Task description:
Please write the listing below out again exactly, leaving every picture behind.

Provided material:
-- Opening Marker --

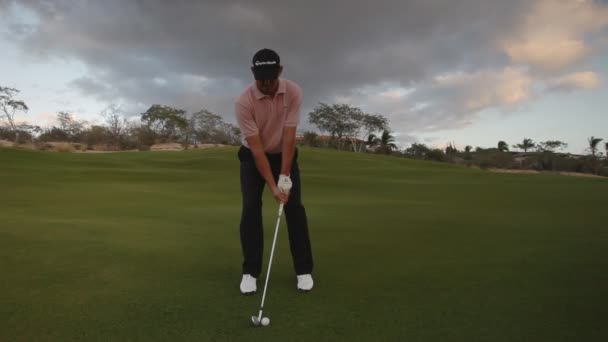 Pro golfer on a world class golf course — Stock Video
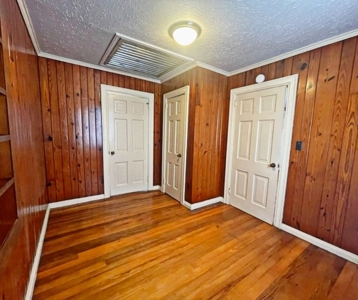 Cute, Two Bedroom Home In-town Cheraw, SC - image 6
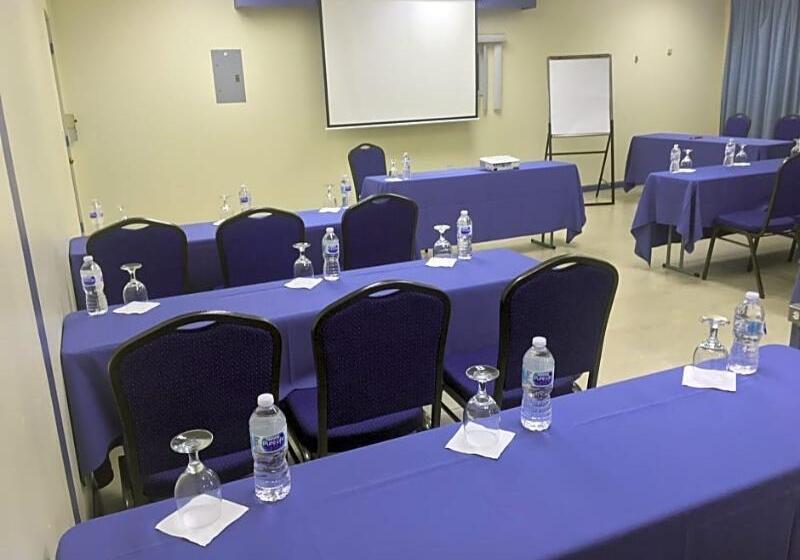 هتل Carl S Unique Inn & Conference Facilities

-- Closing Marker --

The completed task:
 Pro golfer on a world class golf course — Stock Video
 Cute, Two Bedroom Home In-town Cheraw, SC - image 6
 هتل Carl S Unique Inn & Conference Facilities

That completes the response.